If you test against your test set multiple times, you are actually overfitting by hand.

So only test on the test set once, and otherwise reshuffle your entire data and start anew.

Create decorrelated validation and test sets

Correlated in space

Your data is probably correlated in some way.

Time series are correlated in time because things that are closer to each other in time are more important to each other, inform each other more.

And spatial data is well, things that are actually closer, not just closer in time to each other, are more important.

And if you want to have a proper test and validation, you have to decorrelate your test and correlation set as much as you can.

Create Tensors on device

And I actually have a small ebook that I give away with my newsletter, which is going to be in the description, where I talk about more of this.

If you want to speed up your training, then create tensors directly on the device with the device keyword, instead of using the method dot CUDA.

size = (12, 23, 34)
torch.rand(size).cuda()

versus

size = (12, 23, 34)
torch.rand(size, device=torch.device("cuda"))

Fix all randomness for publication

For publication of your code and everything reporting you'll want to read the documentation about reproducibility, because there's always going to be that one source of randomness that you forget to make deterministic.

Visualize your training

Always use plots of your training and your convergence, because that way you can actually, well, you can see how it's doing and where there are plateaus and everything.

Tools like MLflow and Weights & Biases will create those automatically.

Compare models with AIC

Always use statistics to compare your models, like the AIC or Akaike information criterion are great to see which models are actually outperforming the others.

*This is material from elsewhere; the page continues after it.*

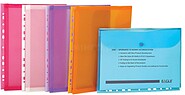 Envelope Plast A4 c/11Furos p/Arquivo e Fecho Botao Eagle Cores Transp SortiDas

Publish your model weights

Publish your model weights.

That way you enable comparisons.

People can actually build on your solution and possibly even benchmark against it.

Look at your outputs

Better numbers are great, but consider that you always have to look at your actual output data.

Models sometimes find loopholes and they just, well, the outputs are just garbage, and you want to see that.

Don't just trust the numbers, always inspect the actual outputs.

Huber loss

In physical systems, try the Huber loss.

The Huber loss actually is linear on the sides, and it is still convex in the middle.

It comes from information theory, and it works really great on systems that work over large scales. So, physical data.

Read more here.

Trust domain scientists

Every field that you work in is going to have some assumptions that don't hold under scrutiny.

They are usually born out of- They are usually born out of smaller data and smaller compute.

However, as a foreigner to the field, like data scientist that isn't a domain scientist, you are very unlikely to actually find those.

So it is safe to assume that assumptions that domain experts make about their data and their field hold true.

Don't believe all old ML wisdom

Don't believe machine learning wisdom.

Don't believe all machine learning wisdom.

A lot of ancient wisdom has been gained through decades, and, well, is often on bad validation. Smaller neural networks that don't have the types of regularisation that we have this day.

And yeah, also we are much better with our optimizers with all the standards that we have now.

We actually know now that machine learning is actually really good on noise or noisy data. We use ML to correct models where we already know the signal for the noise.

So don't take every old wisdom for granted.

A lot of them, you definitely have to take with a grain of salt.